BRUSSELS — The EU must impose new trade restrictions on Belarus to degrade its military industries and deprive it of the ability to wage hybrid war, Lithuania’s foreign minister warned Monday.
Speaking to POLITICO just hours after Lithuania closed its border with neighboring Belarus after a wave of car-sized balloons carrying smuggled cigarettes crossed into its airspace, Kęstutis Budrys said there must be consequences for the incursions, even if they’re not direct security threats.
“We have to expand the Belarusian sanctions regime, including hybrid activities as one of the reasons,” he said. “We have to synchronize sanctions against Russia and Belarus, and there are some sectoral sanctions that we are not synchronized [on], like aviation.”
There are concerns that the Moscow-allied Belarusian state has become a hub for circumventing restrictions on plane parts and other key components that the Kremlin struggles to obtain due to massive sanctions imposed by the EU and its Western partners.
At the same time, Budrys went on, the EU needs to “get serious” on plans to tariff Belarus’ remaining exports to the bloc, calling for punitive new levies “on Belarusian exports and goods and also on Russian.”
According to the Lithuanian government, the balloon incursions are a tactic in its “hybrid war” against the West, which has for years also seen thousands of would-be migrants brought in and trafficked to the border to try and destabilize the Baltic countries and Poland.
Dozens of balloons detected in Lithuania’s airspace in recent days have seen flights grounded and the military ordered to shoot down foreign objects. Ostensibly sent by smugglers trying to bring cheap cigarettes into the EU, Lithuania’s prime minister said Monday the inflatables are part of a coordinated attack on the country and has ordered the border closed to almost all traffic.
Lithuania, Budrys said, will now work with NATO and the EU to determine a joint response and expects not just political support “but also very concrete measures against the Belarusian regime, sending them the clear message that it won’t be tolerated when they weaponize now yet again another instrument against us.”
A string of warplane incursions and drones flying across EU airspace in previous months sparked efforts to agree a bloc-wide air defense program initially dubbed a “drone wall” — however, the plans failed to garner immediate support and work is ongoing to refine longer-term projects to boost joint capabilities. Lithuania and other frontier countries have been urging faster action.
“The Belarusians are helping us with this,” Budrys noted ironically. “They’re just sending additional strong arguments and examples why we need it and what we need.
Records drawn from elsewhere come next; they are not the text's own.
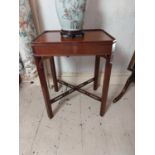 Good quality mahogany lamp table raised on square legs in the Georgian manner {67 cm H x 52 cm W x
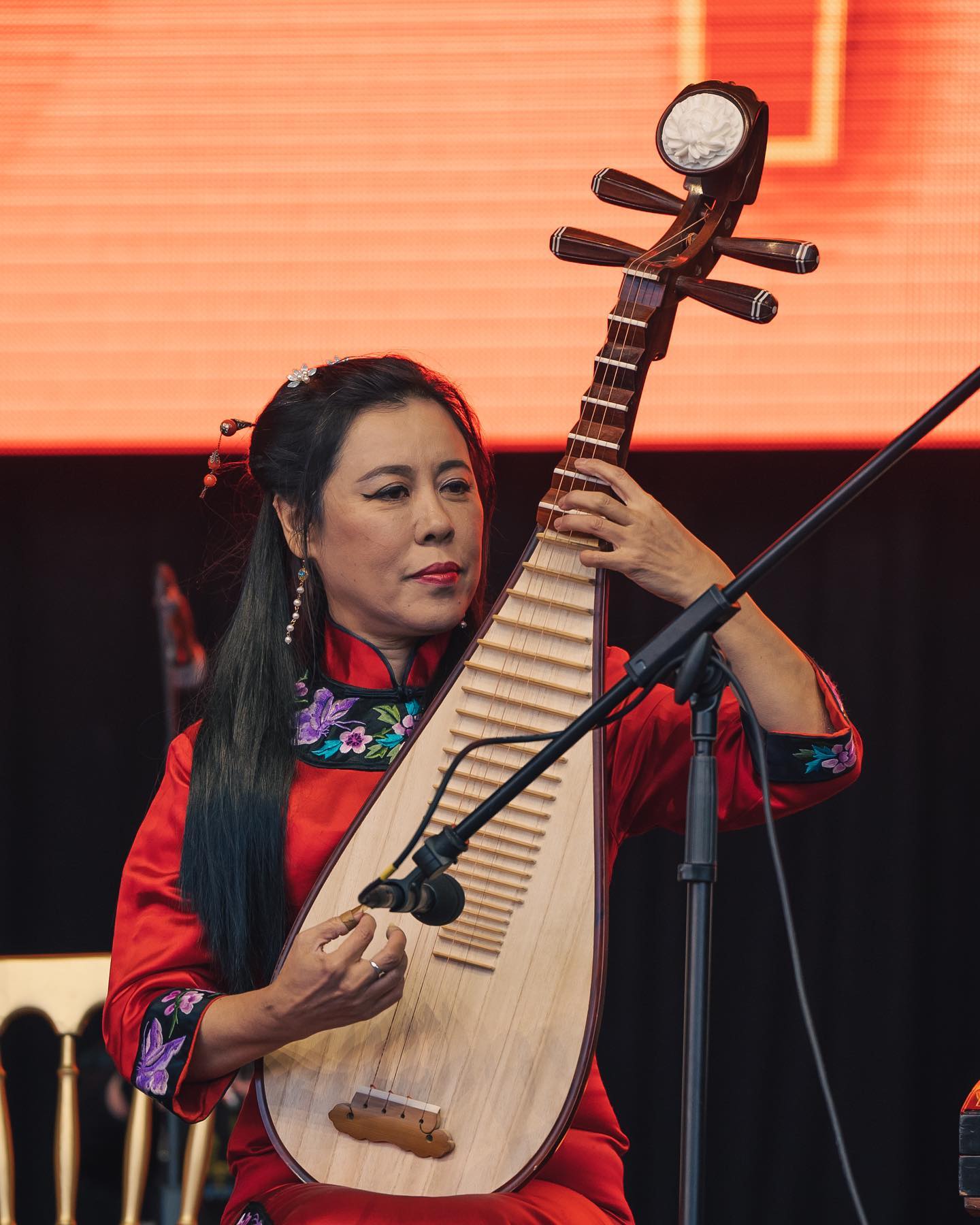 More stunning close up... - London Youlan Qin Society 倫敦幽蘭琴社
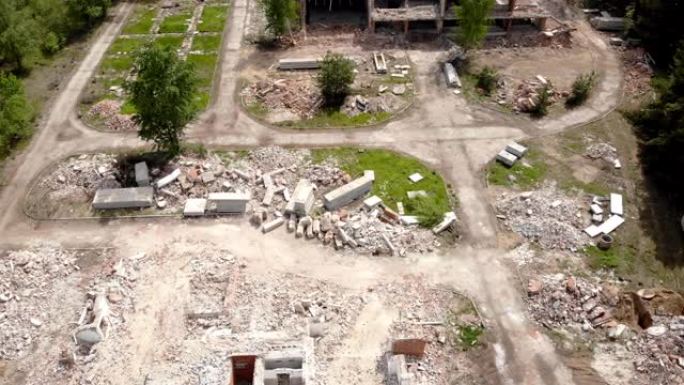 旧拆除工业建筑的空中无人机视图。一堆混凝土和砖块垃圾、碎片、瓦砾和废弃工厂的破坏废墟。
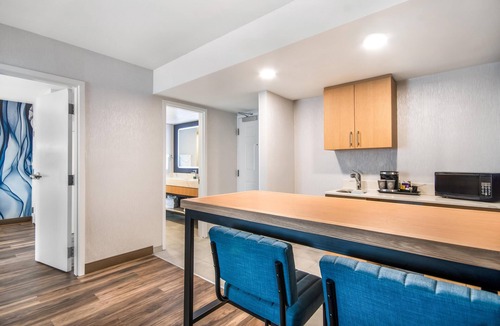 Amherst Hotel | DoubleTree by Hilton Hotel Buffalo - Amherst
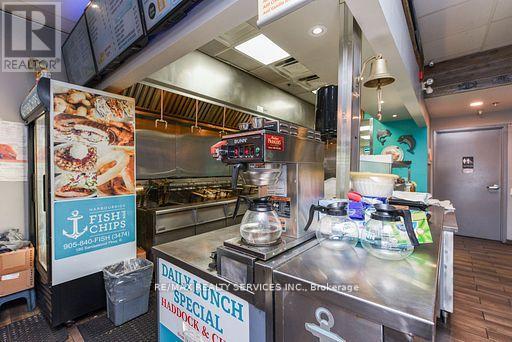 180 Sandalwood Parkway E, Brampton (Heart Lake West), Ontario  L6Z 4N2 - Photo 17 - W12706406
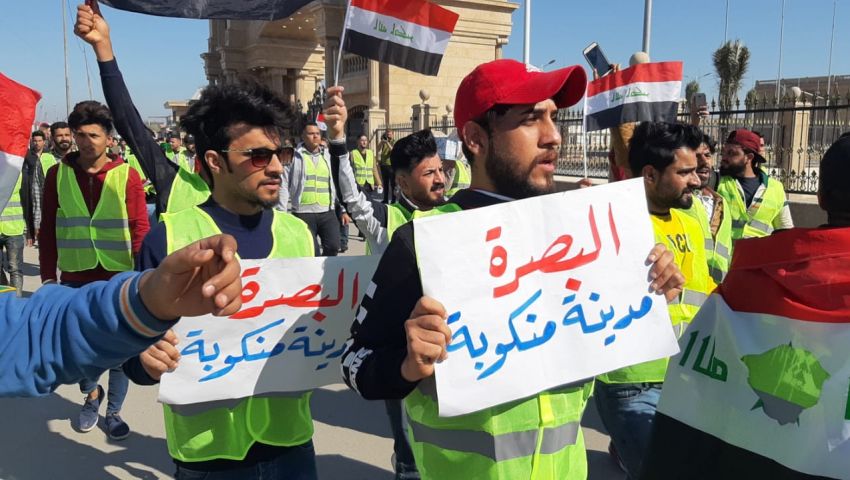 صور| بـ «السترات الصفراء».. التظاهرات تعود مجددًا في البصرة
And our argument is that if we are not stopping them here, they will do it elsewhere.”
The EU has strengthened sanctions on Belarus since autocratic leader Alexander Lukashenko was accused of rigging a disputed 2020 election in his favor and offering up the former Soviet republic as a launch pad for Russian attacks on Ukraine.
While the EU’s 19th package of sanctions to be imposed on Moscow since the start of its war on Ukraine includes new measures against Belarusian firms and will enter into force in the coming weeks, experts warn there is still widespread circumvention that enables the two countries to sustain their war economies.